Южный поход | страница 21
— Александр Васильевич, меня зовут Виктор, — ответил я, так как встретился, конечно же, с великим полководцем Суворовым или русским Марсом, как его иногда называли. — Можно просто Витя.
Опираясь на меня, военачальник доковылял до огромной постели, стоявшей в углу комнаты. Я уложил его и Суворов, прикрыв глаза, попросил:
— Прочитай стихи свои, Витя.
Я смущенно кашлянул в кулак.
— Это не мои стихи. Это другой поэт написал, — я хотел добавить, что он родился только в прошлом году и сейчас еще лежал в колыбели, слушая песни Арины Родионовны, но вовремя опомнился. — Я помню только часть стихов.

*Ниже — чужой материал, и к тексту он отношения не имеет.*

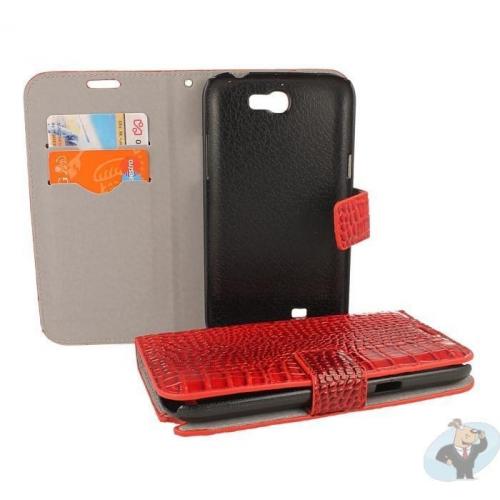 Samsung Galaxy Note 2 N7100 Portemonnee Hoesje - Croco Rood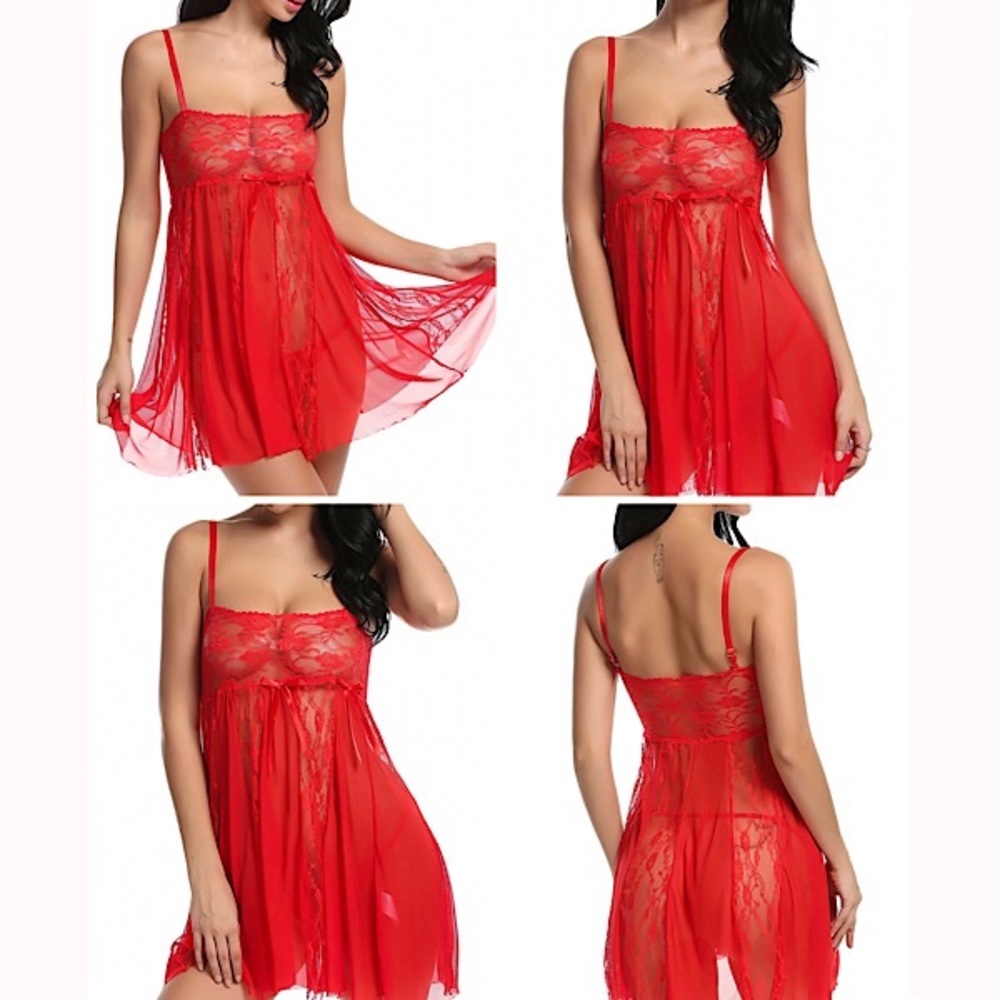 Red Laced Babydoll Lingerie Set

— Ну так давай, не медли! — закричал Суворов, открыв глаза и неистово глянув на меня. — Эдак мы до зимы проваландаемся. Я от мадригалов и элегий Мити еще больше хвораю, чем от ран!
Вот уж не думал, что когда-нибудь я буду стоять перед ложем Суворова и читать ему стихи Пушкина. За окном поднималось солнце девятнадцатого века, по набережной канала на каретах катались важные господа и дамы, а я стоял и декламировал с поднятыми руками. как заправский отличник перед учителем. Впрочем, всего «Евгения Онегина» я не помнил, поэтому прочитал только «письмо Татьяны».
Закончив, я некоторое время стоял и глядел на Суворова, а тот лежал, вытянувшись на кровати и молчал. Я подумал, что ему стало худо и хотел позвать на помощь, но тут генералиссимус открыл глаза и сказал:
— Недурно, помилуй бог, недурно. Слышу разящую поступь гения. Кто этот поэт?
После некоторого колебания я ответил:
— Я забыл его фамилию.
Суворов испытующе поглядел на меня и неожиданно закричал басом:
— Прошка! Где ты шляешься, прохиндей! Давай чаю!
Поначалу ничего не происходило, а затем дверь отворилась и заглянул давешний лохматый слуга. Это был, конечно же, знаменитый на всю Россию камердинер Прохор, любитель увеселительных напитков и самый преданный Суворову человек. Суровые глаза прятались под густыми бровями, в пышных усах застряли крошки табака.
— Так ведь давно-ж хотов чай, ваш сиятельство, — с обидой ответил он. — Тока скажите, буду-ж подавать.
Насколько я помнил, за итальянский и швейцарский походы Суворову дали княжеский титул, но слуга по старинке продолжал величать барина графом.
— Ну так давай его, брюхо просит! — приказал полководец и снова поморщился от боли в ногах. Затем ухмыльнулся мне. — Брюхо злодей, старого добра не помнит!
Он указал на стул и добавил:
— А теперь расскажи, кто таков и чего разгуливал под моими окнами. Может, ты востроглаз и за мной подсматривал?